§ **Short text fragments from websites**:
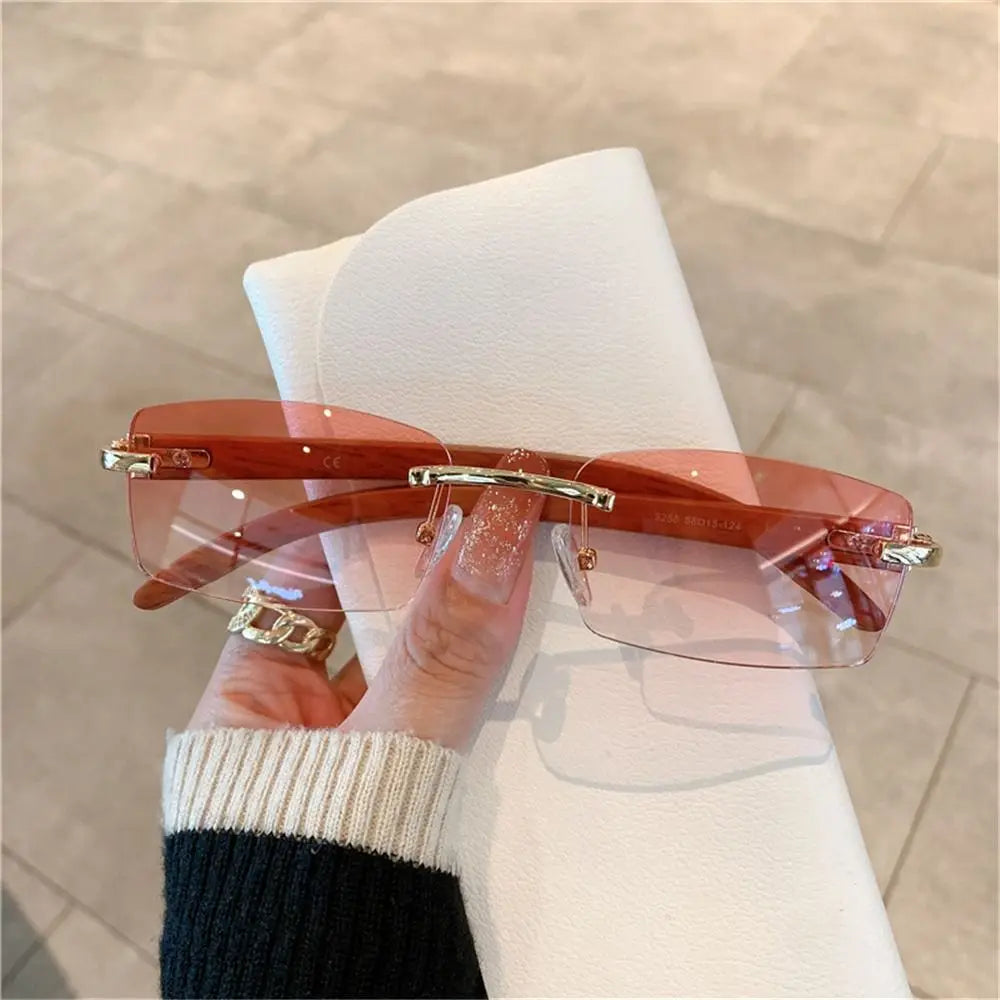Trendy Punk Sunglasses Rimless Rectangle Sun Glasses for Women Men UV400 Driving Shades Fashion Frameless Gradient Eyewear Quake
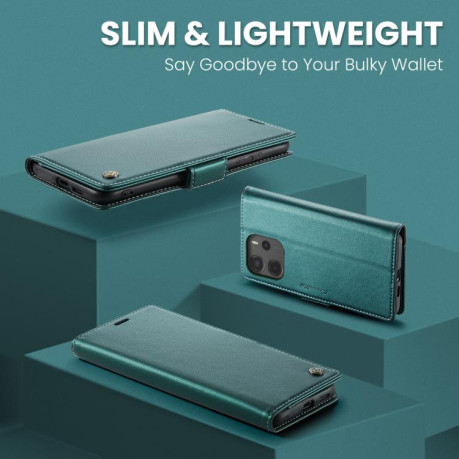 Чохол-книжка CaseMe 023 Butterfly Buckle Litchi Texture RFID Anti-theft Leather для Xiaomi Redmi Note 14 4G 164.84mm - зелений
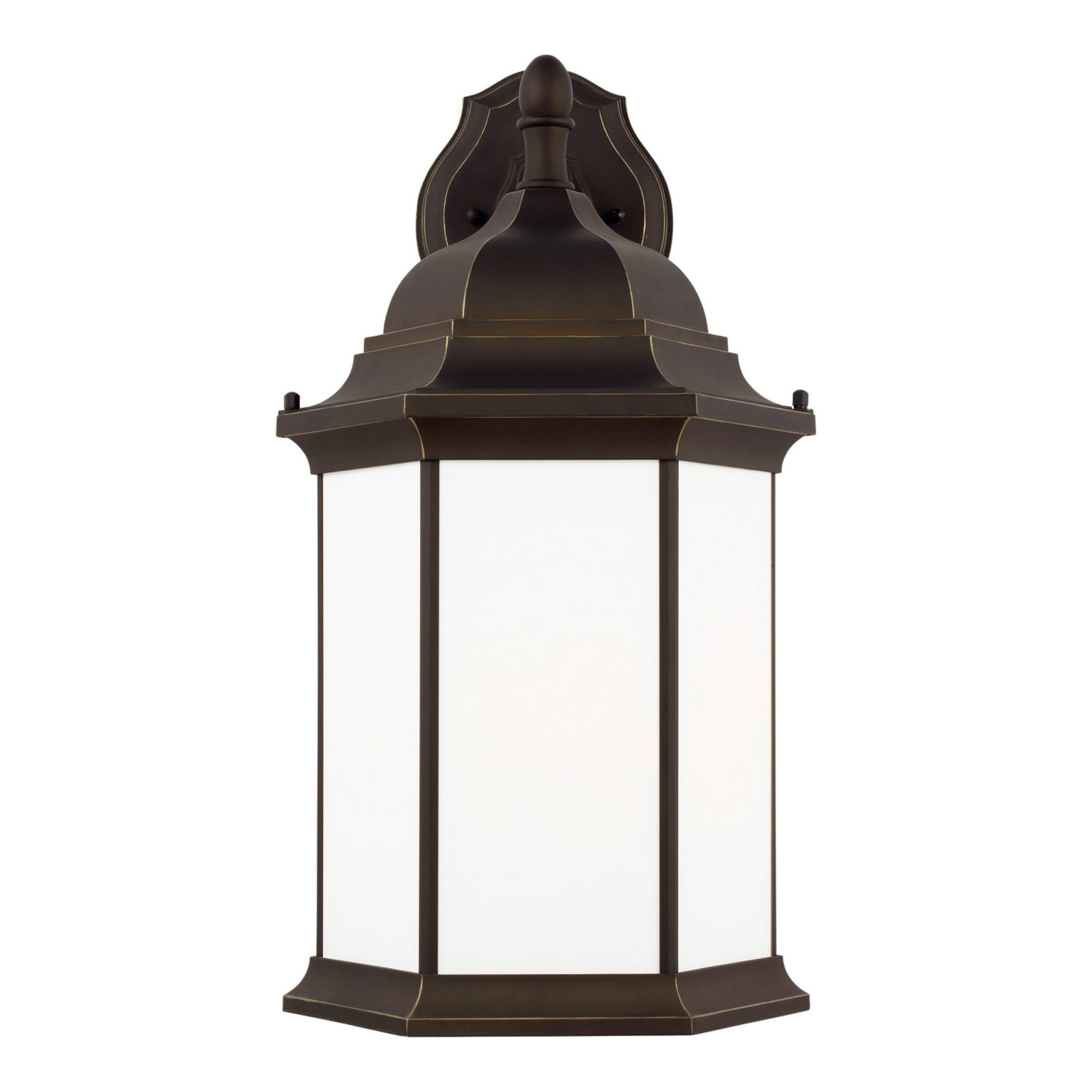 Sevier 23" X-Large Downlight Outdoor Wall Lantern, Antique Bronze Finish with Satin Etched Glass - Bees Lighting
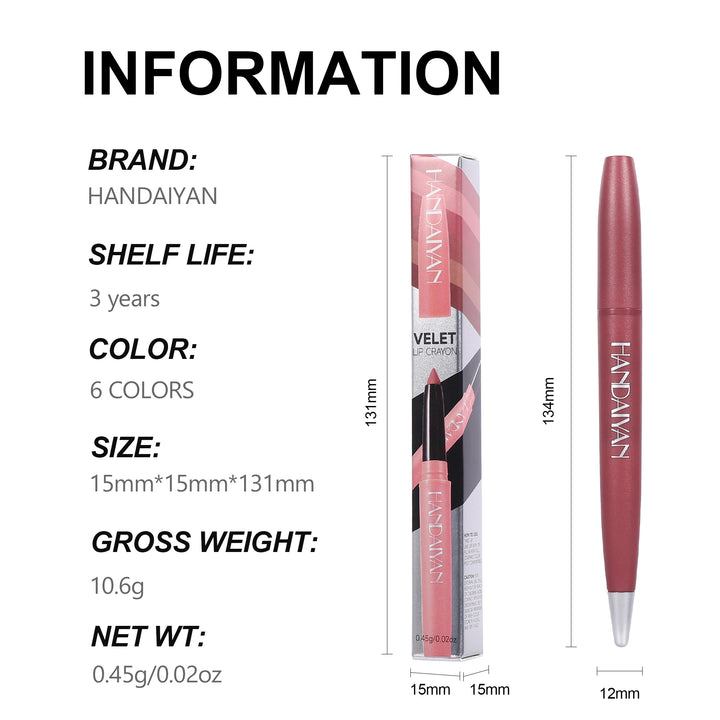 Handaiyan 6 Colors Matte Waterproof Velvet Nude Lipstick Pencil Lip Liner Sexy Red Pink Pigments Makeup Long Lasting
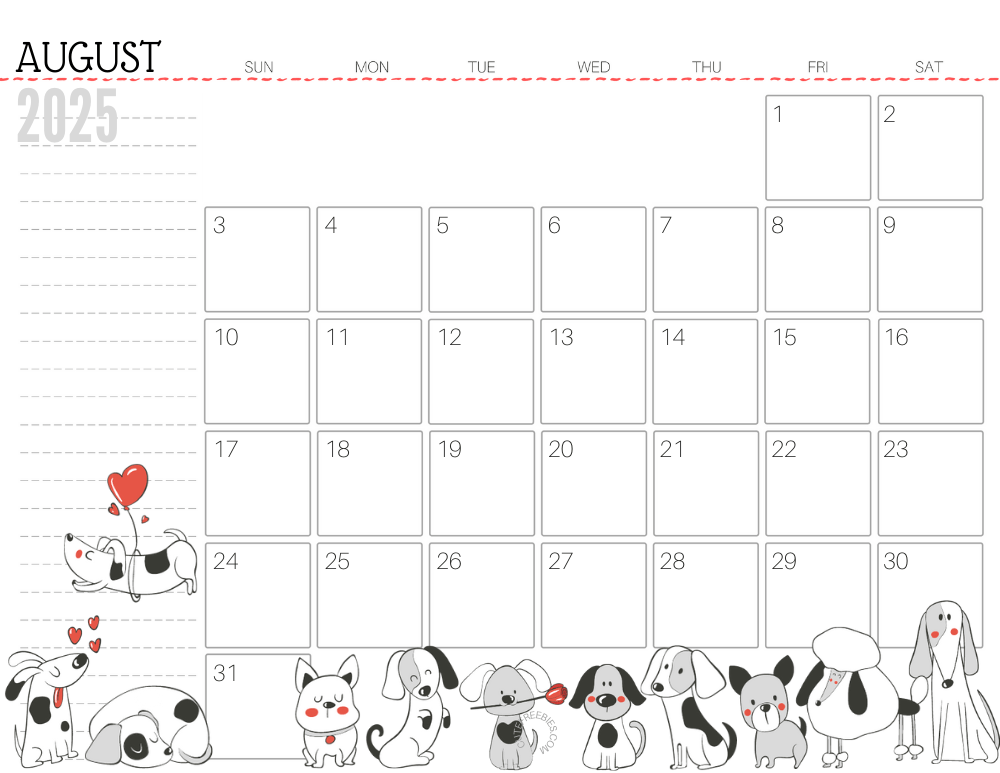 August 2025 calendar cute dog free printable #cutefreebiesforyou SEE PREVIOUS POST TO DOWNLOAD THE COMPLETE 2025 CALENDAR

§ **Work instructions**:
Could every line above be set down exactly, with the pictures omitted?

§ **Written response**:
Trendy Punk Sunglasses Rimless Rectangle Sun Glasses for Women Men UV400 Driving Shades Fashion Frameless Gradient Eyewear Quake
 Чохол-книжка CaseMe 023 Butterfly Buckle Litchi Texture RFID Anti-theft Leather для Xiaomi Redmi Note 14 4G 164.84mm - зелений
 Sevier 23" X-Large Downlight Outdoor Wall Lantern, Antique Bronze Finish with Satin Etched Glass - Bees Lighting
 Handaiyan 6 Colors Matte Waterproof Velvet Nude Lipstick Pencil Lip Liner Sexy Red Pink Pigments Makeup Long Lasting
 August 2025 calendar cute dog free printable #cutefreebiesforyou SEE PREVIOUS POST TO DOWNLOAD THE COMPLETE 2025 CALENDAR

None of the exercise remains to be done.